A frase carrega camadas profundas de misoginia institucional e desrespeito à autoridade feminina.

Por Maria Santana Souza - Comentário direcionado à ministra Marina Silva revela traços de discriminação de gênero, violência simbólica e deslegitimação da presença feminina em espaços de decisão.

 

Durante sessão no Senado Federal, o senador Plínio Valério (PSDB-AM) dirigiu-se à ministra do Meio Ambiente, Marina Silva, com uma fala que gerou indignação nas redes sociais e entre especialistas em gênero e política: “Ministra Marina, que bom reencontrá-la!

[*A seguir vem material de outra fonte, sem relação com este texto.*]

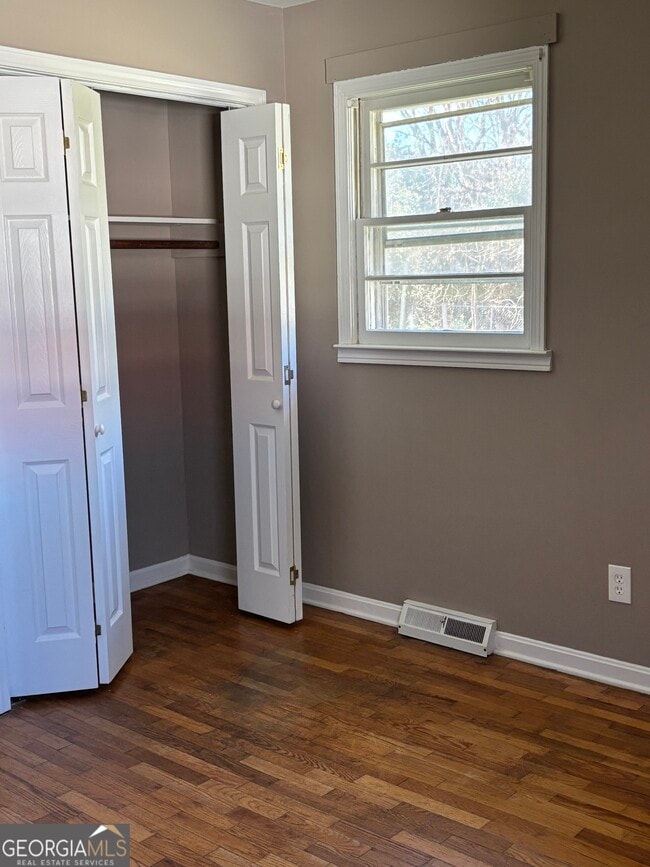 Building Photo - 631 Garden Ln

E, ao olhar para a senhora, eu estou vendo uma ministra, eu não estou falando com uma mulher. Porque a mulher merece respeito; a ministra, não”.

 

A frase carrega camadas profundas de misoginia institucional e desrespeito à autoridade feminina. Segundo especialistas, o comentário estabelece uma distinção inaceitável entre “mulher” e “ministra”, como se o exercício de uma função pública retirasse da mulher sua dignidade. Ao iniciar com um tom aparentemente cordial (“que bom reencontrá-la”), o senador usa a estratégia clássica de suavizar uma fala agressiva. Isso é comum em discursos discriminatórios mais sutis, que tentam escapar da responsabilização direta.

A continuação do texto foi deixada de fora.